Refinancing has been a huge part of the real estate market. Homeowners buy their homes and after just a couple of years it’s not uncommon to see them refinance. The reason so many people refinance is because the refinance allows them to change the terms of their loan, usually in a way that better fits their financial situation. With a refinance, you can often get a lower interest rate, reduce your monthly payment, or even pull out your equity and use it elsewhere. That being said, there is always a risk with any financial move that you might end up losing money. FHA refinance calculators are a good tool to use when navigating the waters of a refinance.
Fees That Stack Up
Refinancing your home is not a cheap process. Most refinances cost the homeowner at least a couple of grand in closing costs, and in many cases that number is significantly higher. Also, every time you refinance you are taking out an entirely new loan, which means that you have to pay any pre-payment penalties that your lender has in place. On top of this, your amortization schedule restarts and you end up back at ground zero.

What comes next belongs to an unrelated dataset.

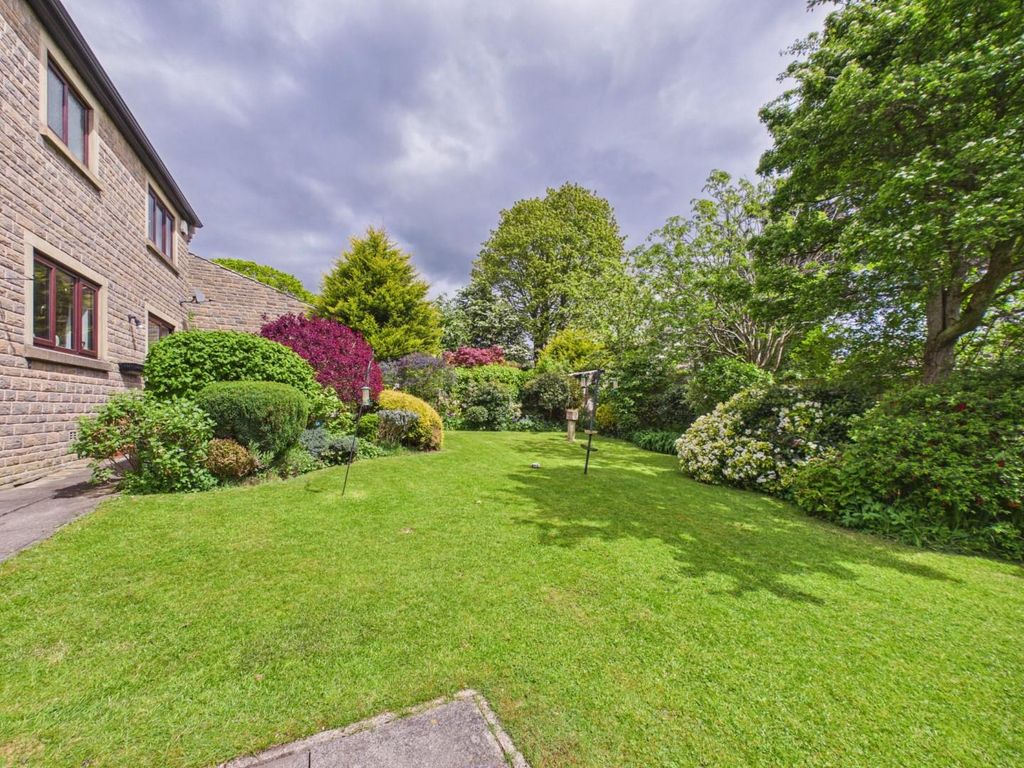 Additional image 27 of 5 bed property for saleDalesway, Eldwick, Bingley BD16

A refinance may seem like a basic process and in many cases it is but there are many different elements of the refinance that will come together and make or break it for you. Nobody wants to refinance only to realize that they now owe more on the home than they did before, or that they’ll end up paying more in the long run than they would have. All of the fees, prepayment penalties, closing costs, and reset amortization schedules can and will influence whether or not your refinance is successful.
Aside from the expense of the loan, you also have the break-even point of the loan. The point where the expenses are finally paid off, and you are now saving money on your investment. Some refinances hit the break-even point within a year while others take a bit longer. When the break-even point doesn’t happen for four or five years, you really need to look at the loan and decide whether or not the financial benefit is actually worth it. It’s always a good idea to pay attention to that break-even point and plan accordingly.

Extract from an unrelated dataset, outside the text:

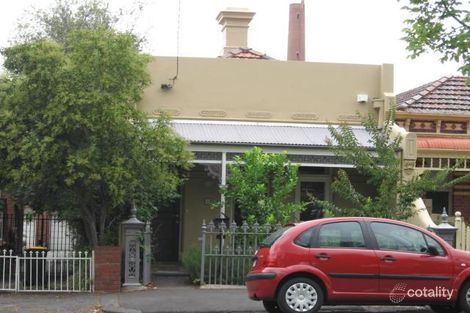 4 South Tce, Clifton Hill, VIC 3068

Using the FHA Refinance Calculator
In order to get the most out of your refinance, you need to figure out how to get all of the pieces calculated. This you will give you a fairly good idea of what kind of financial impact the refinance will have. A refinance calculator will help you accomplish this step. Refinance calculators enable you to put in all of your information about the loan including your interest rate, loan term, and any additional costs. Once you complete the input, it will spit out an estimate of the financial impact. Some refinance calculators will show you a comparison of your current loan and new loan.
Do some number crunching but before you start getting serious it’s always a good idea to get a few loan quotes, so you have a better idea of what you qualify for. As a general rule of thumb you’ll want quotes from different types of lenders, some national and some local. For the best comparison, you’ll want to get all of the quotes within the same day. With these quotes, you can then put into the calculator and compare to your original loan, as well as your desired loan. The calculator can be a great way to determine which lender will work best for you. Most lenders don’t want to lose your business, so they are often willing to negotiate a better deal, especially if you’ve gotten a better quote.
While a loan calculator isn’t an essential part of the refinance process, nor is it required, but it’s a smart part of the process. Your lender and loan officer can do as much as they are able, and the rest is up to you.